BT have applied to put up a ‘BT Street Hub’ in Merchant Street, Broadmead. The unit is three metres high and flanked by two digital advertising screens, but it doesn’t stop there – the controversial hubs also have associated WiFi connectivity, call facility, data capture technology and surveillance capacity.
If this application goes through, the unit could be the first of many. BT says they plan to roll out several hundred in cities across the UK this year, in partnership with advertising giant Global.
BT says the Street Hub units, previously known as InLink, will “help future proof the high street making them smarter, safer, and more sustainable”. But by the company’s own admission, the units have been the subject of antisocial behaviour and raise serious concerns regarding their surveillance tech and use of the personal data of passers-by.
Community objection works: In 2018, BT proposed to install 25 InLink units across Bristol.

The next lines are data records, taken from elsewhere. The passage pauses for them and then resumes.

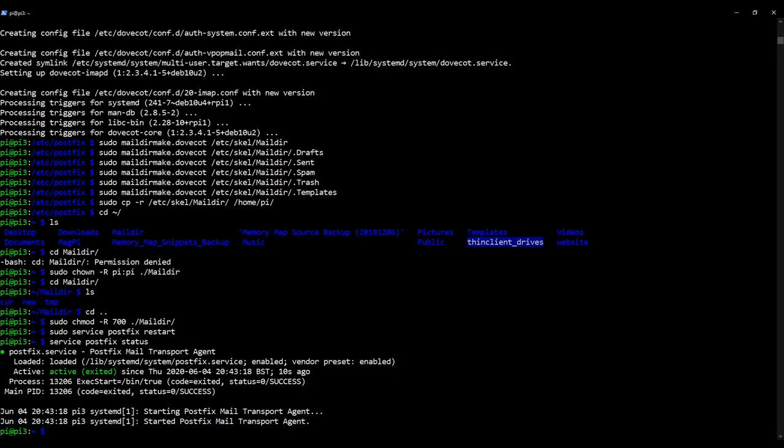And we've confirmed it's all running by checking that Postfix is running as a service. So we can move on from this video knowing that Postfix as an email server, an SMTP server, is running as it should with the Maildir directory for the Pi user in place and ready to go.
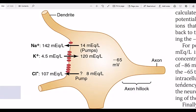Let's start with electrical events during neural excitation. We have a neuron, a cell body, an axon, and dendrites.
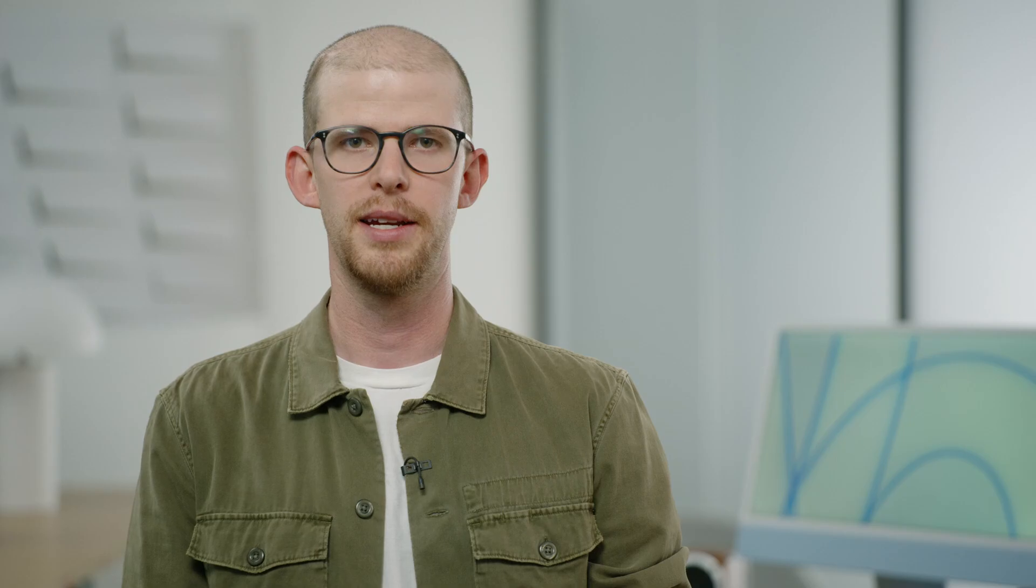I want to remove the application shield restriction not only when homework schedule ends but also when the child accumulates enough usage for a set of Guardian-selected encouraged apps. To do that, I'll need to monitor the usage of these encouraged apps by configuring Device Activity to additionally call into my Device Activity Monitor extension when a usage threshold is met.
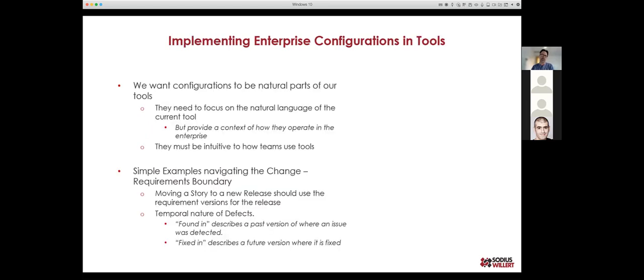What we want to do when implementing enterprise configuration within tools is make it natural and intuitive. It needs to focus on the current language of a tool: if I'm in a PLM tool, I think about BOM structure; if I'm in a software configuration management tool, I'm talking about a particular branch. These need to be the natural languages in which they operate, while also having a view of how they interact with others.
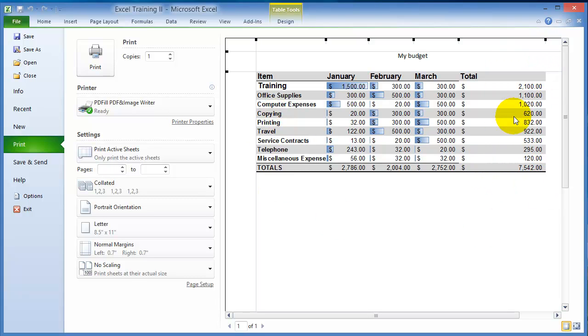This is a different concept on the setting of the print area in Excel, different from Microsoft Word or other applications.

Following dozens of public comments expressing alarm at the plans, planning officers at Bristol City Council rejected all 25 applications.
Read a Bristol Cable article about the threats posed by Street Hub units here: Bristol’s new phoneboxes could end up spying on you
HOW TO OBJECT:
Log your objection here on the Planning Portal at Bristol City Council: www.bristol.gov.uk/planning-and-building-regulations/look-at-and-track-planning-applications
Reference number: 21/04946/F
UPDATE 18/10/2021 – The previous reference number 21/04947/A was only for the LCD screens on the BT Hub structure whereas reference number 21/04946/F is for the whole structure and therefore it can be objected to on wider planning grounds such as obstruction of pavements for disabled access; loss of light or overshadowing; design, appearance and materials; and nature conservation. If you have already made an objection under reference 21/04947/A please consider copying this to the other reference number as well.
Click “Make a Comment” and write some words about why you object.
Here’s some points to include in your objection:
- The Council’s Planning Department can refuse the screen on the grounds of ‘amenity’, so be sure to mention factors such as how the screen would cause an amenity loss and a detriment to the quality of the area. This could include the addition of a freestanding unit causing clutter in a busy pedestrianised area, the contribution to an area already saturated with advertising infrastructure, the addition of a visually unattractive unit causing detriment to the visual quality of the street.
- Your personal story: why does this affect you? Why are you taking the time to object?
- Although it is not currently considered ‘material grounds’ for planning refusal, each BT Hub unit has two large digital screens. These use a significant amount of energy and contribute to light pollution, which is not compatible with the Council’s declaration of Climate and Ecological emergencies.
- The imposition of advertising into public space has a significant impact on public wellbeing.
- BT have applied for consent for 10 years (Oct 2021- Oct 2031) but usually consent is granted for 5 years after which time the structure could be removed. You could ask the council to review this and ensure it would be a maximum of 5 years in line with other advertising consents.